1996 rief ich ihn an in Kaisborstel. Zwanzig Jahre waren vergangen nach der Biermann-Ausweisung und der Petition namhafter Schriftsteller gegen den Beschluss der Partei. Ob er bereit wäre, über die Situation damals und die Folgen zu sprechen. Kunert zeigte sich verwundert. Warum habe ihn denn die Wochenpost vergessen und all die Jahre ignoriert. Ich konnte auf ein doppelseitiges Interview mit ihm verweisen und auf einen Glückwunsch zu seinem fünfundsechzigsten Geburtstag. Das war wohl wahr, und trotzdem hatte Kunert nicht zu Unrecht den Eindruck, das man ihn vergessen wollte. Ich fuhr also nach Kaisborstel, das letzte Stück Weges mit dem Taxi. Kunert wohnte mit Frau Marianne in der ehemaligen Dorfschule. Der Raum, in dem wir saßen, war irgendwie zu groß, das Licht zu dunkel, die Bilder an den Wänden (von Kunert) zu bunt. Kaisborstel, dachte ich, ist für den Berliner Günter Kunert auch nicht die Lösung und fragte ihn, warum er nicht nach Westberlin gegangen sei, als er die DDR verließ. „Ich hätte mich nicht so abnabeln können. In Westberlin hätte man doch jeden Abend die Aktuelle Kamera gesehen, jeden Tag über die DDR-Verhältnisse und sonstwas gesprochen, ich wäre in diesem Westberlin praktisch noch mit einem Bein in der DDR gewesen. Grauenvolle Vorstellung. Durch die Distanz habe ich Abstand von der DDR und allem, was sie bedeutete, gewinnen können und einen neuen literarischen Ansatz gefunden.”
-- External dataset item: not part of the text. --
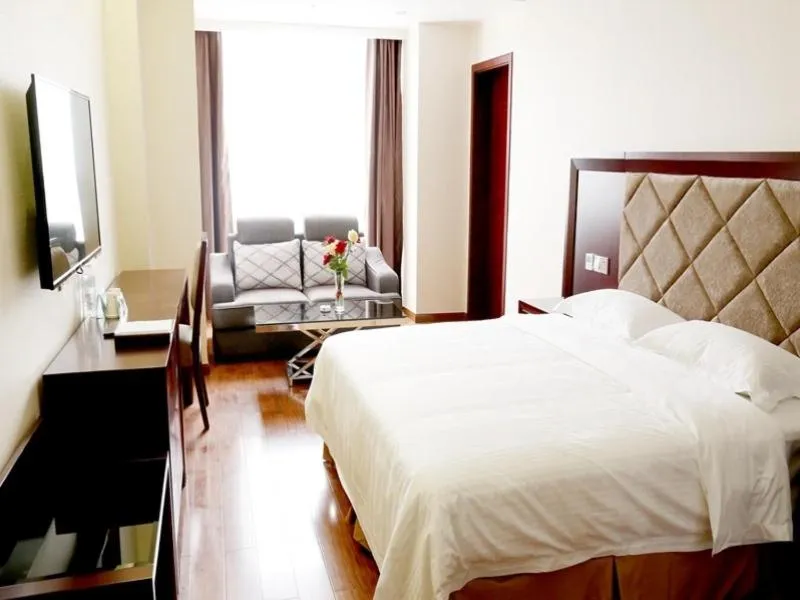 GreenTree Inn SiChuan Chengdu Airport Road Zhujiang Road Express Hotel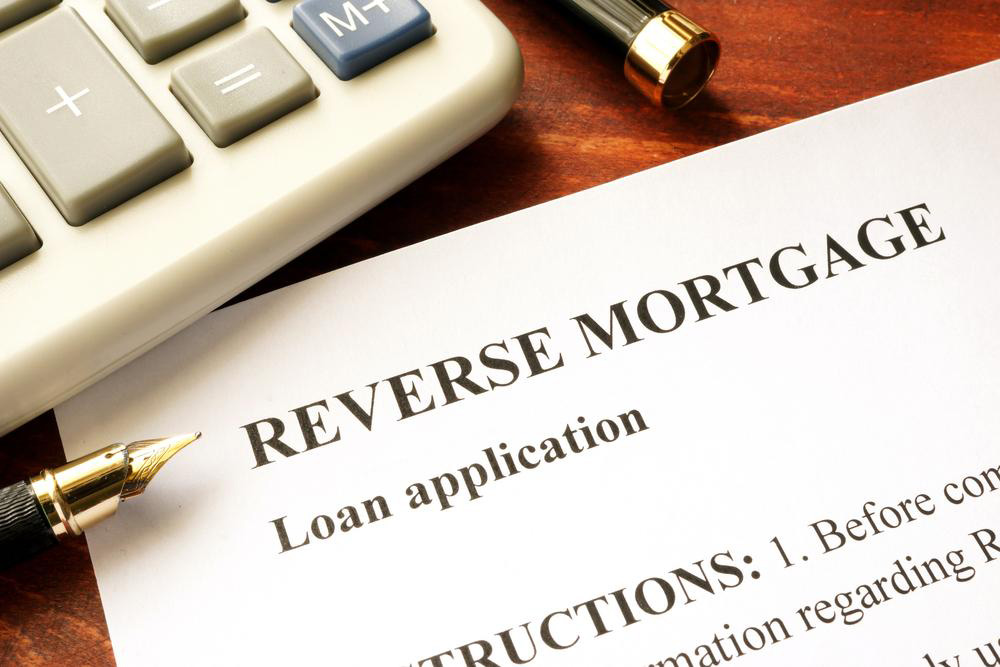 Factors involved in the formula calculation of HECM reverse mortgage loans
Am Rande erwähnte er, dass er vermutlich der letzte DDR-Bürger sei. Er habe noch den Personalausweis und sei nie aus der Staatsbürgerschaft der DDR entlassen worden, eben, weil man ihn vergessen habe.

Ich habe das Interview von 1996 zum Glück gerade wiedergefunden. Nach der Autorkorrektur fehlte die Passage mit dem letzten DDR-Bürger. Ich nehme an, dass Marianne, seine Frau, sie gestrichen hatte. Was Kunert witzig fand, darüber konnte sie nicht immer lachen.

Ich sehe Kunert wieder in dieser ausgedienten Dorfschule, wenn ich das Interview lese. Er war weit hinter den Illusionen, aber auch weit hinter Hass und Häme. Ich empfinde den Ton, den er anschlug, geradezu als kostbar und so bleibt er mir in Erinnerung.